Teacher scorned for porn

Posted by
Pin It

 

Stacie Halas has a past. It’s not a favorable one, but it is a past like any one of us could have. Her present, at least up until this past April, was working as an eight-grade science teacher at Richard B. Haydock Intermediate School for the Oxnard (Cal.) School District.

 

This has suddenly changed.

 

Someone saw her past self on screen, most likely in some sort of illegal fashion.

 

Whoever this human catalyst was didn’t really see Halas; they saw Tiffany Six, which popular website Jezebel.com informs us was her name back in her adult entertainment days. They recognized her and realized someone they knew was in a pornographic movie.

 

According to the Associated Press, students alerted school officials of Halas’ former job by showing photos and videos of the teacher on their smartphones.
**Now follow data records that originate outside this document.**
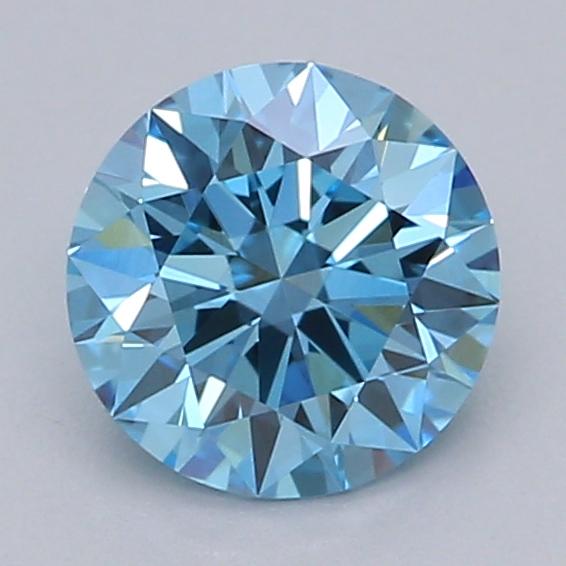 0.53 Ct. Fancy Vivid Blue Round Lab Grown Diamond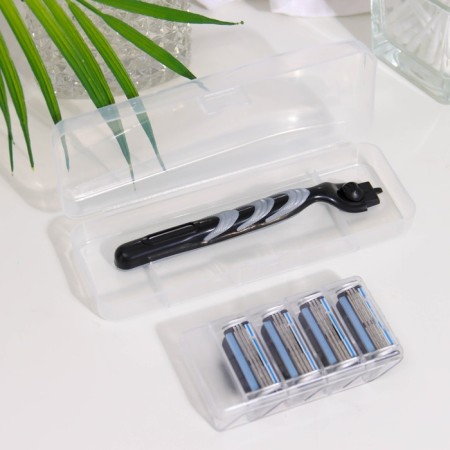 The machine is a razor and 4 interchangeable cassettes, suitable for Gillette Mach 3-2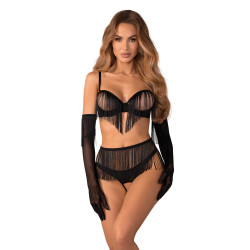 Ensemble Rossay Ouvert 4 Pièces Noir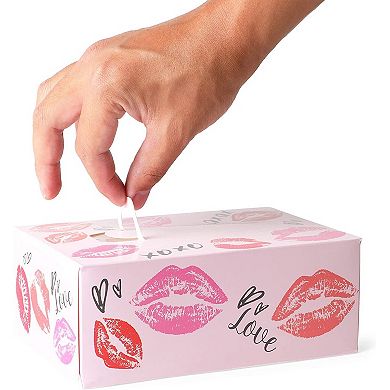 8 Pack Bachelorette Party Facial Tissue Box Set, 3-Ply, 100 Sheets/Box, Pink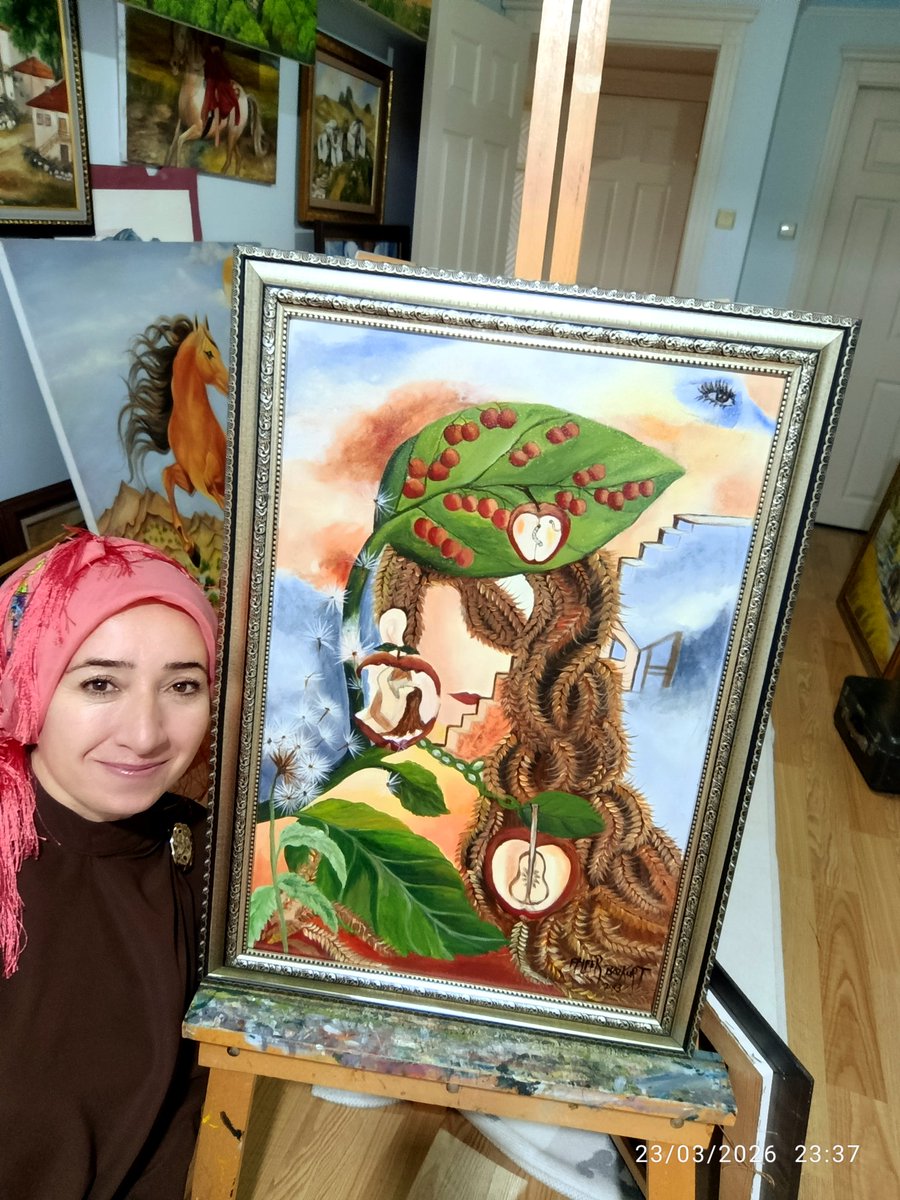 AyferPicasso's tweet photo. Buğday saçlı kız  adlı tablom https://t.co/EHLj1POqK2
Halas was put on leave, since it was decided she was inept at her job due to the ghosts in her past.

 

She has lost her original appeal to return back to teaching, a decision made by a Commission on Professional Competence (a three-judge panel), and can appeal again by taking it to the Ventura County Superior Court.

 

Why she would want to do this is another issue entirely. Whether we like it or not, porn is out there. Though the Internet can link its creation back to progress in military technology, porn and the Internet have woven a braid together since the latter became available to the public in the early 1990’s. It seems to be around us at all times of the day, just waiting for its chance to slip through our web filters.

 

So should a past life working in the porn industry condemn someone from having any other profession? I believe it really boils down to the individual ethics of it all, well at least I think so, maybe your ethics make it different to you all.

 

See what I did there? Do ya? Do ya? No? Maybe? I digress. To go back to my point though, it makes sense that we wouldn’t feel comfortable with a former porn star teaching our children, present or future, even if some of us would be thrilled to go to that Parent-Teacher conference to tell all of our friends.

 

 

The question remains: should we care what Halas, or Tiffany Six, did in her past?

 

“Halas did not star in pornographic movies while teaching in any district. She took parts only during an eight-month period from 2005 to 2006 because of financial problems after her boyfriend abandoned her,” Halas’ lawyer Richard Schwab said to the Huffington Post.

 

Sure, this is a story we hear from pretty much everyone who has ever worked in the porn industry, but that doesn’t make it untrue. I am sure it was the quickest way to get money outside of prostitution.

 

Here’s my argument. It is people getting paid to have sex in the most perverted sense of the word, because it isn’t one person paying another — though that may be the theme of many porno movies — it is people getting paid so thousands if not millions in some cases can watch their exploits.

 

Yes, the definition of the word disagrees with me, but the term was created before video cameras and the internet, so I am sure the Geneva Convention for the word prostitution would now have to include pornographic materials.

 

With that being said, does Halas deserve to lose her job? Yes. Here’s why.

 

Halas is working in a time her videos can be available to anyone who goes to see them. With that alone, her ability to teach and form young, impressionable minds gets thrown out like a giant Hefty bag of garbage.

 

Especially since Halas teaches at the middle school level, where hormones are flying around and confused like a bee in a field full of flowers for the first time. Having a teacher whom you can see naked would just be too much to handle.

 

To put it into official terms, this is a statement made by Judge Julie Cabos-Owen, one of the three judges on the panel for the Commission of Professional Competence:

 

“Although her [Halas’] pornography career has concluded, the ongoing availability of her pornographic materials on the Internet will continue to impede her from being an effective teacher and respected colleague,” Cabus-Owens said in the 46-page decision made earlier this month.

 

Your Honor, once you say that, I have to agree.